> [WORK TASK] Omit the pictures. Transcribe exactly the lines below, from the one with "Photo of K.d. lang" up to and including the last.

%%

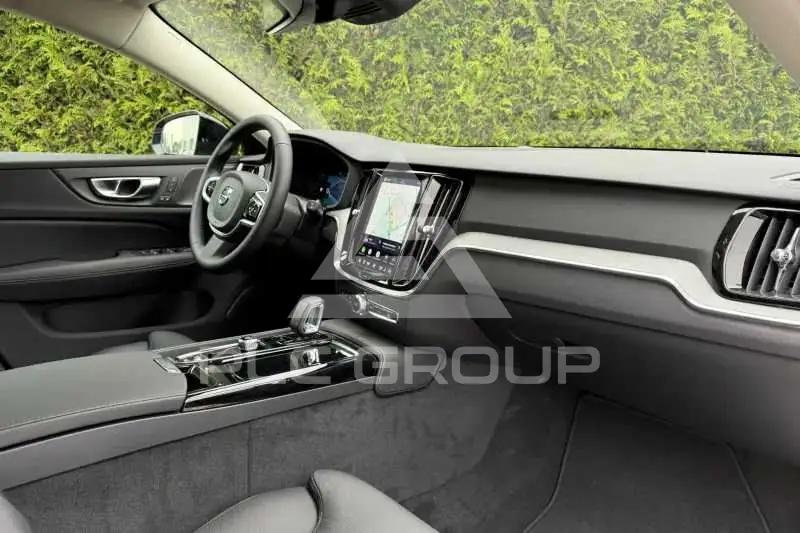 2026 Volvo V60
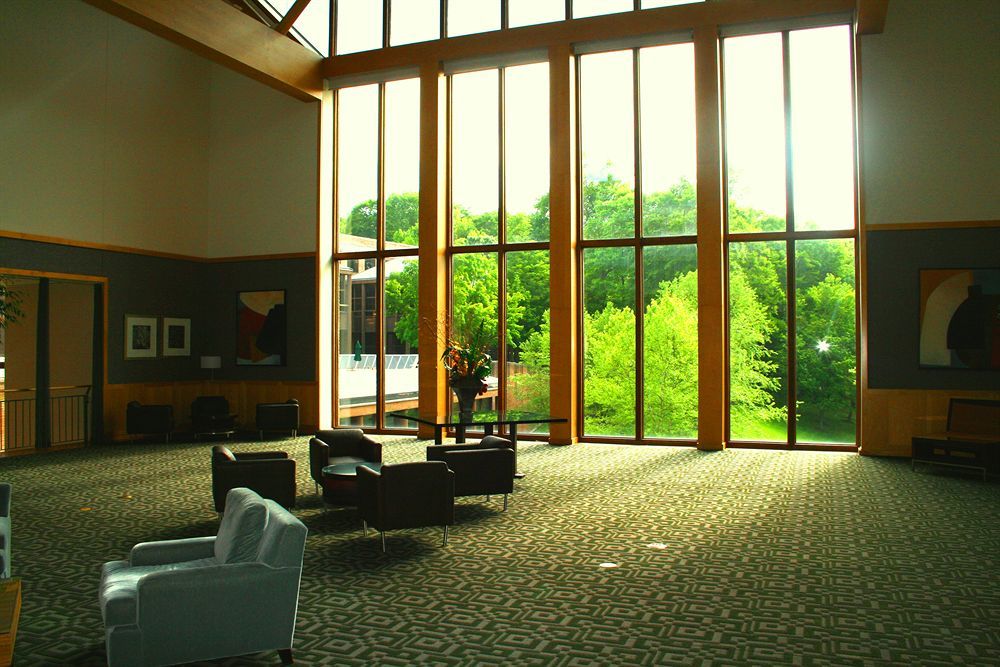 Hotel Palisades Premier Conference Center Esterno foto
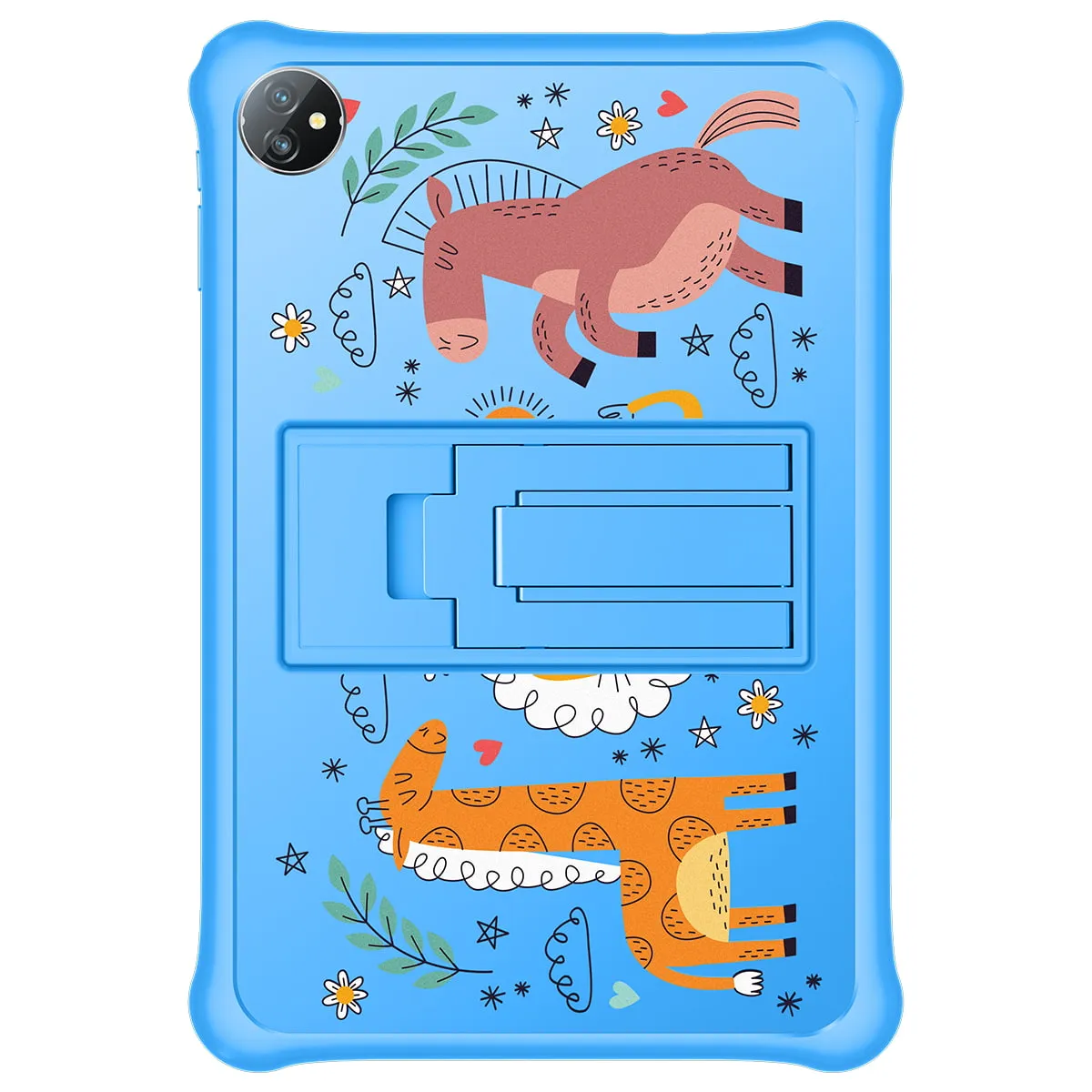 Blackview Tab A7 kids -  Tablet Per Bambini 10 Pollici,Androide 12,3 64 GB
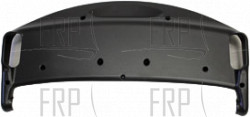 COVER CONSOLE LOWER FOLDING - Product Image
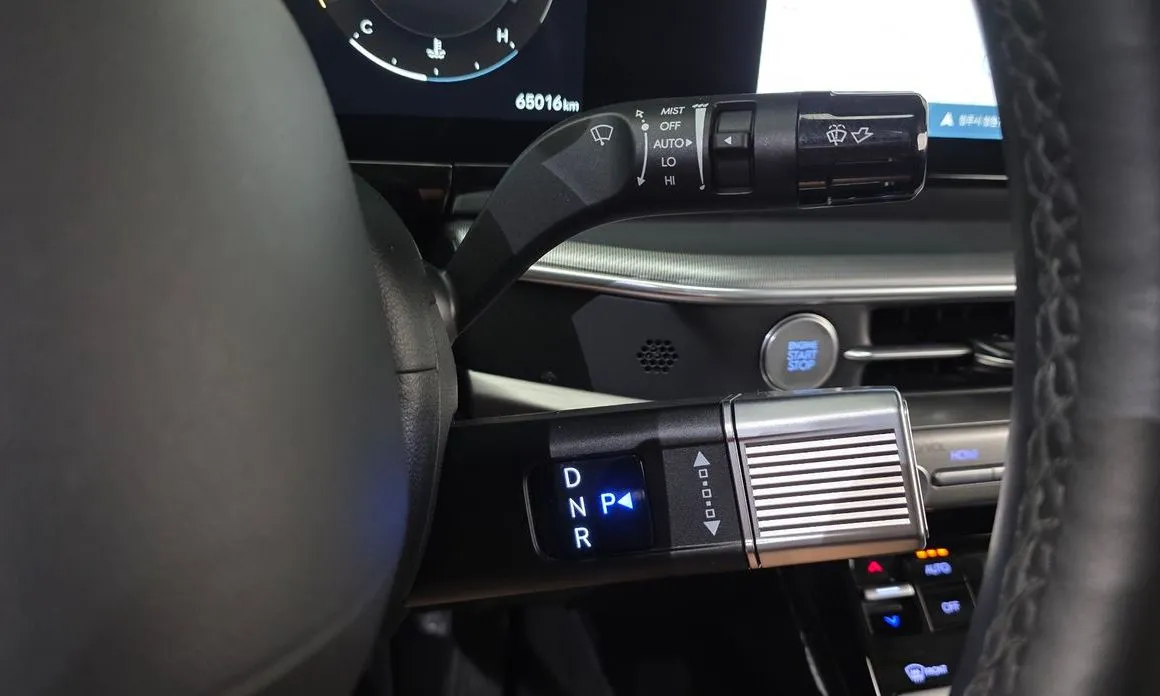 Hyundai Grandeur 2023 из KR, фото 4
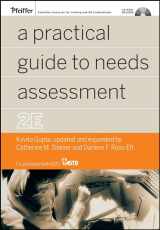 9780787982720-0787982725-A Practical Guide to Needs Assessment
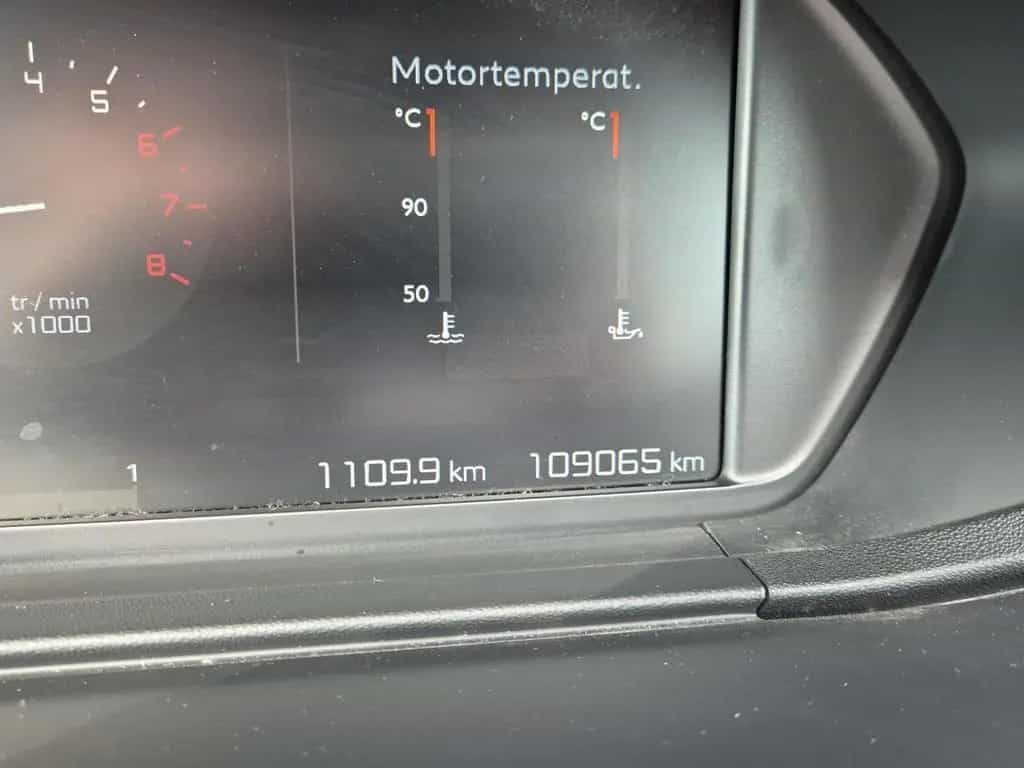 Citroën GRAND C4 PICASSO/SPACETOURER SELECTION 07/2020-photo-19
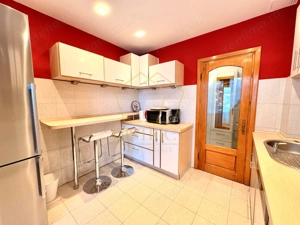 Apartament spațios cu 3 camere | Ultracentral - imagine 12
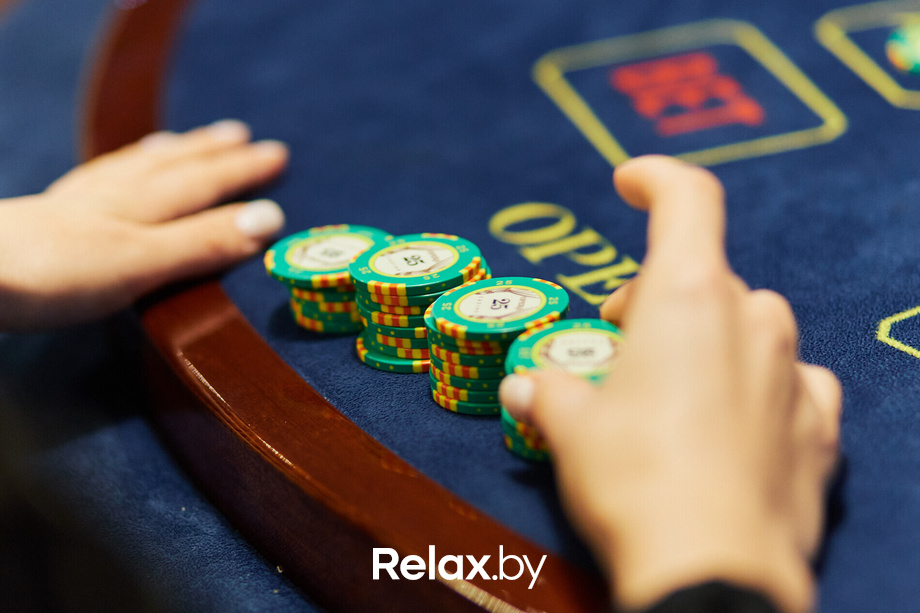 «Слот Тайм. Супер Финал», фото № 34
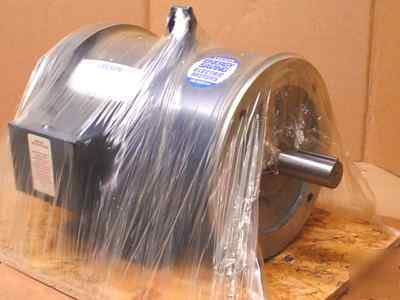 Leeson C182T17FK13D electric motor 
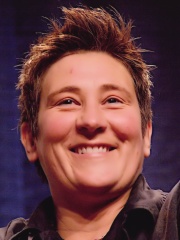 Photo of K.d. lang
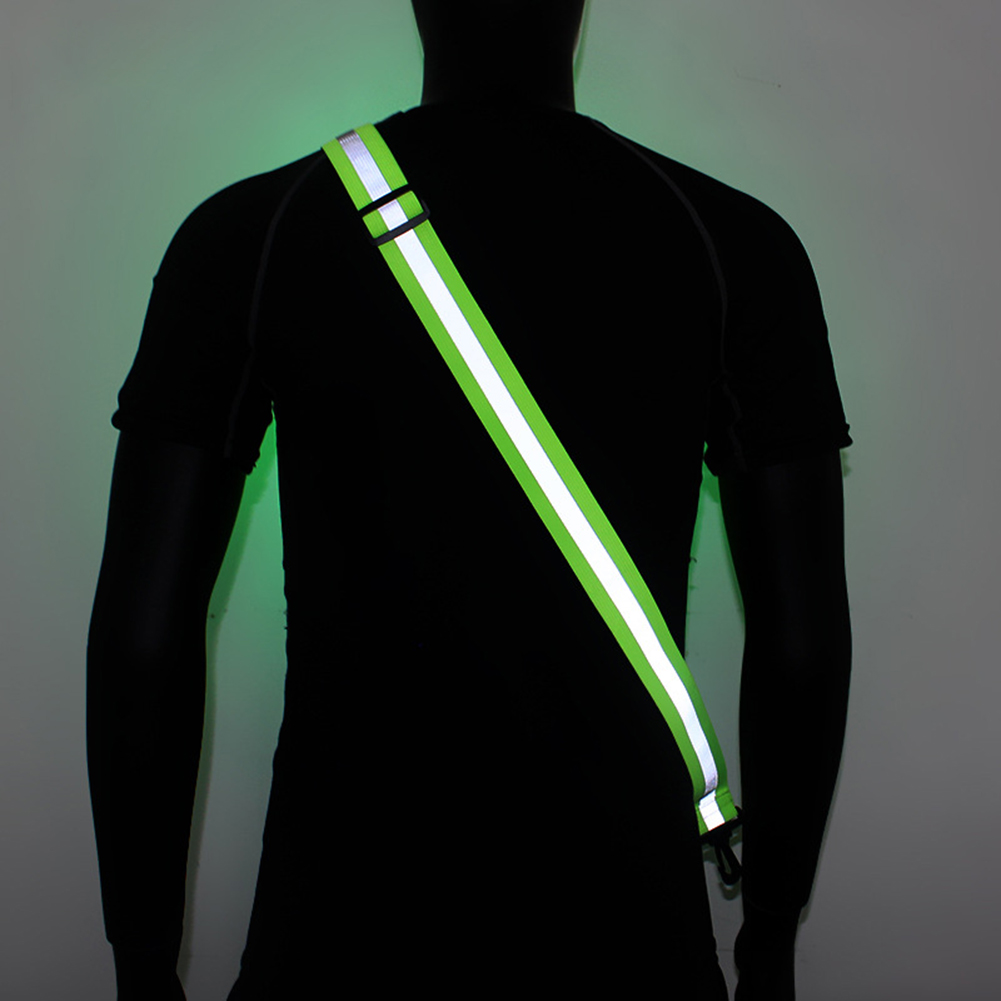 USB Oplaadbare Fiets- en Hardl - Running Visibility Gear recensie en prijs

%%

> [RESULT]
 Photo of K.d. lang
 USB Oplaadbare Fiets- en Hardl - Running Visibility Gear recensie en prijs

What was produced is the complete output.